This one is your basic parsing error, and hopefully easily fixed.
Basically the return statement will not work without a value to return,
unless you have a () after it (which I assume is not "correct" syntax,
but also not really "wrong" syntax (but I will leave that for the
language-designers to figure out)). Here are some basic tests I put
into t/statements/return.t which illustrate the issue.

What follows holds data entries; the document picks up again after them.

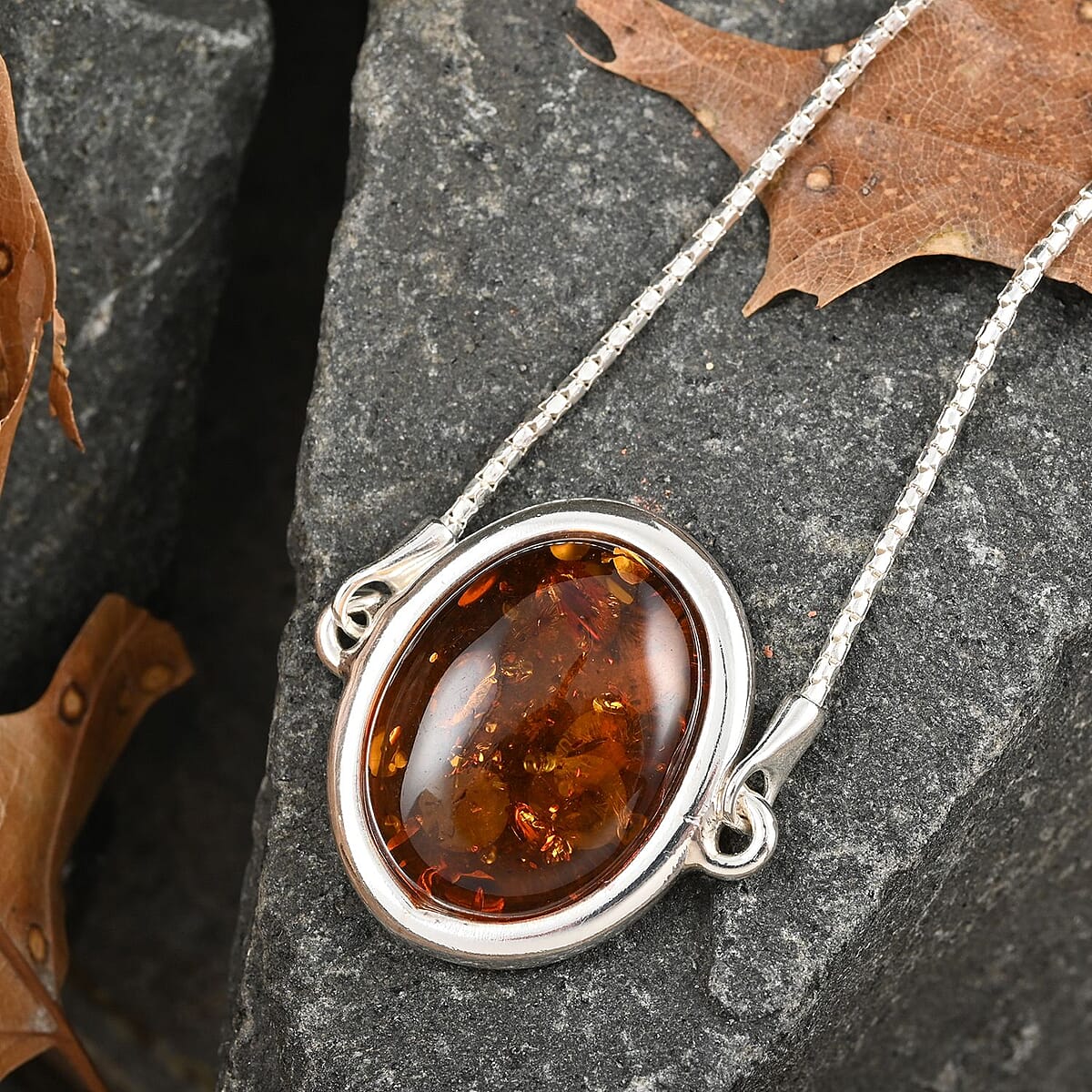 Baltic Cognac Colored Amber Bolo Bracelet in Sterling Silver image number 1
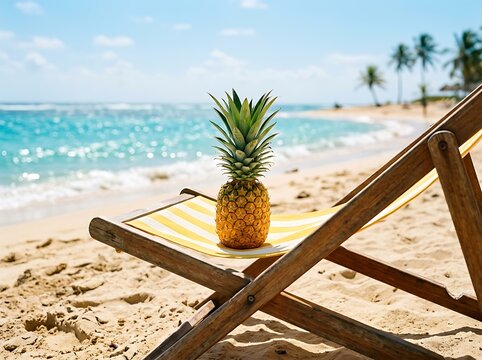 Pineapple on a Beach Chair on a Sandy Beach with Ocean lounge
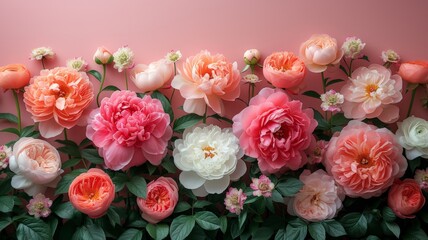 Pink Peony and White Roses Arranged on a White Spa Table
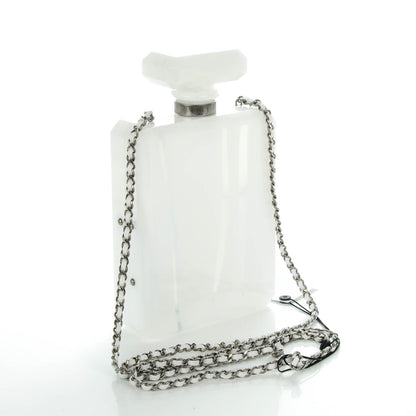 Chanel Marbled Plexiglass Buonasera Perfume Bottle Clutch White 3 of 7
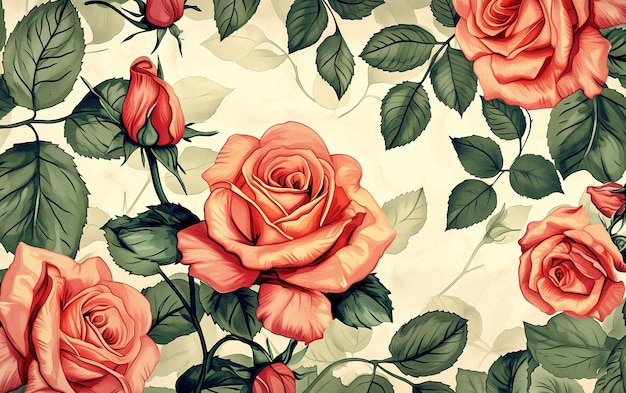 Photo vintage roses background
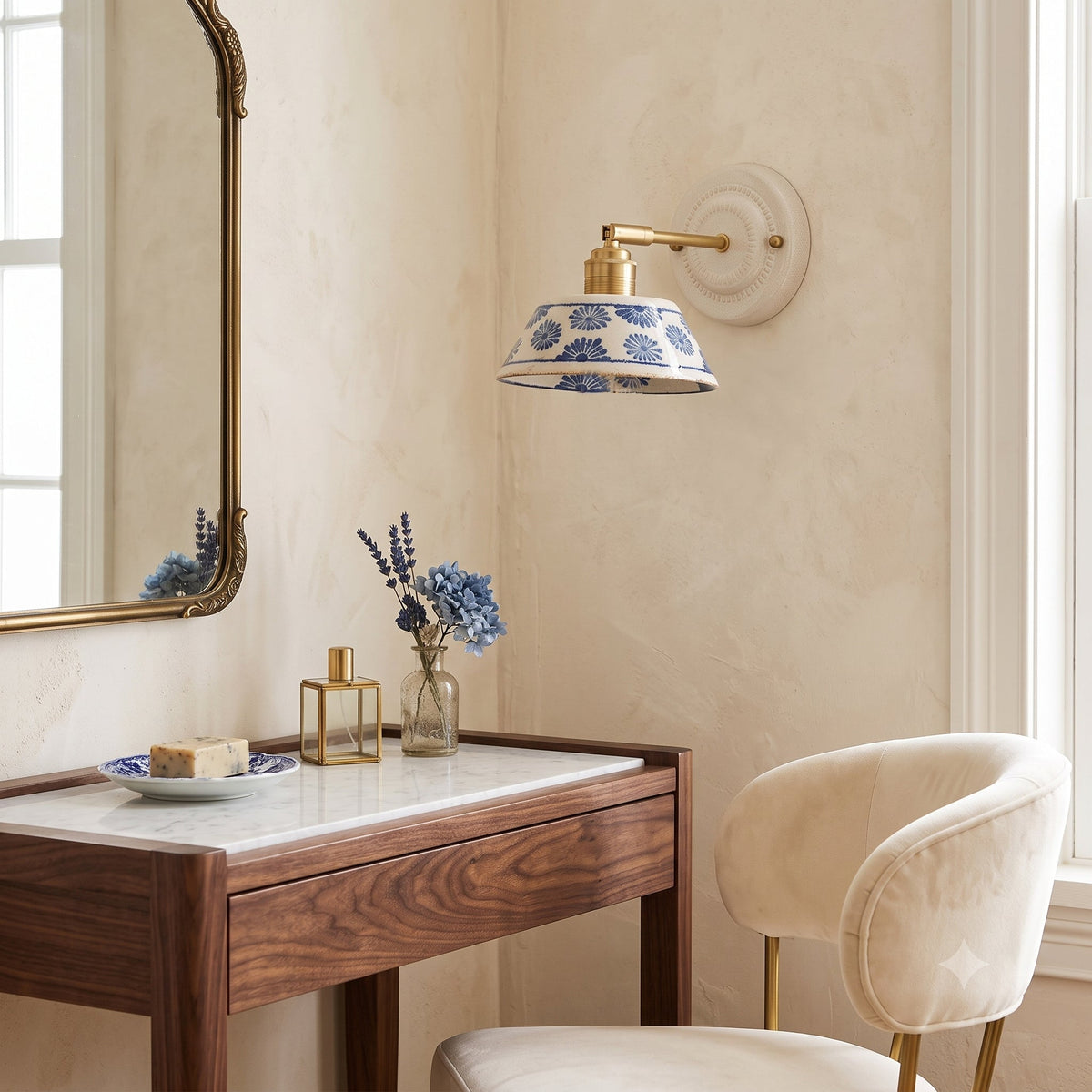 Lumalira Indigo Ceramics Wall Sconce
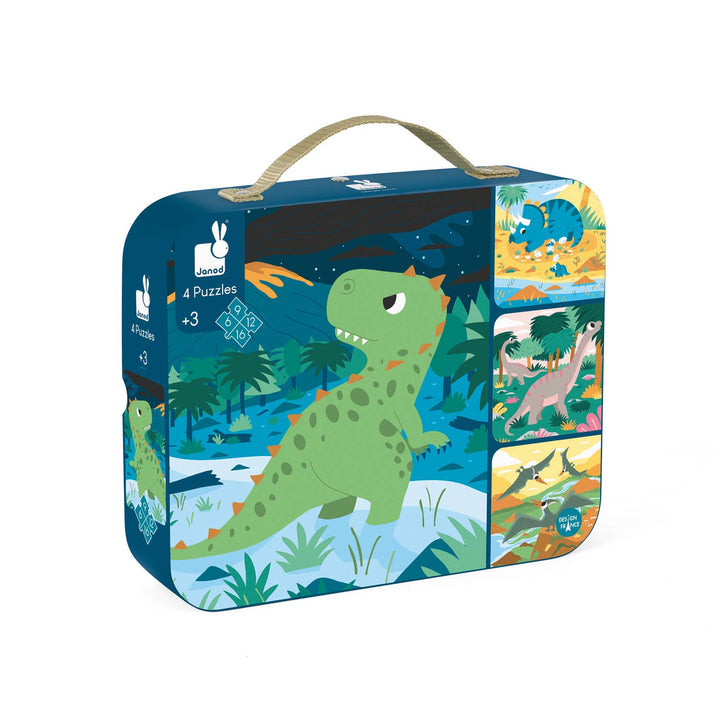 Janod-4 in 1 Progressive Puzzles - Dinosaurs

eval 'sub bar { return }';
eval_is('bar()', undef, '... bare return statement returned undef');
sub bar2 { return() }
is(bar2(), undef, '... bare return statement w/ parens returned undef');
eval 'sub foobar { return if 1; }';
eval_is('foobar()', undef, '... bare return worked with a statement
modifier');
sub foobar2 { return() if 1; }
is(foobar2(), undef, '... bare return worked with a statement
modifier');
- Stevan
=====================
arrays of arrays
hash of hashes
etc.
@ar.elems
@ar.last
=====================
Warm Regards
Lev Selector
I've fixed everything except this. I'm not exactly sure how the postfix
form of "if" is supposed to work here, because the first thing the
parser tries is to parse it as return(if(1)), as a valid expression itself.

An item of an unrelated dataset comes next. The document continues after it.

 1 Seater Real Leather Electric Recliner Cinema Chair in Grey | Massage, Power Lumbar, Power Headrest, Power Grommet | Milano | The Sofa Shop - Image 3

As Perl6 parsing is supposed to require no lookaheads, I wonder how
we are to tackle this. Ideas?
Thanks,
/Autrijus/
That's why there's a statement_control:<if>, and there's a
statement_modifer:<if>, but there's no prefix:<if>. If you see
a statement modifier in the middle of an expression, it must be
interpreted as a statement modifier regardless of the context.
Statement modifiers are among the "most reserved" words in Perl.
So despite the fact that return parses like a list operator and
expects a term after it, the "if" is acting a bit like a semicolon.
If you want to embed a statement control inside an expression, you
have to use "do". We're thinking about allowing "do" without curlies
before any statement_control so that you could say
$x = do if $x { $y } else { $z }
But to make that work we'd have to give a different name to do-FILE
(which we're going to do anyway, so that's not a problem). And that
gives us a way to write the rather useful
$x = do given $x {
when 0 { 'a' }
when 1 { 'b' }
when 2 { 'c' }
default { '?' }
}
I expect general do-EXPR is disallowed. It's only bare blocks and
other statement beginnings that can follow "do". But that includes labels,
so you can say things like:
$x = do LINE: loop {
...
next LINE;
...
}
which there's no way to say in Perl 5 without do-{}.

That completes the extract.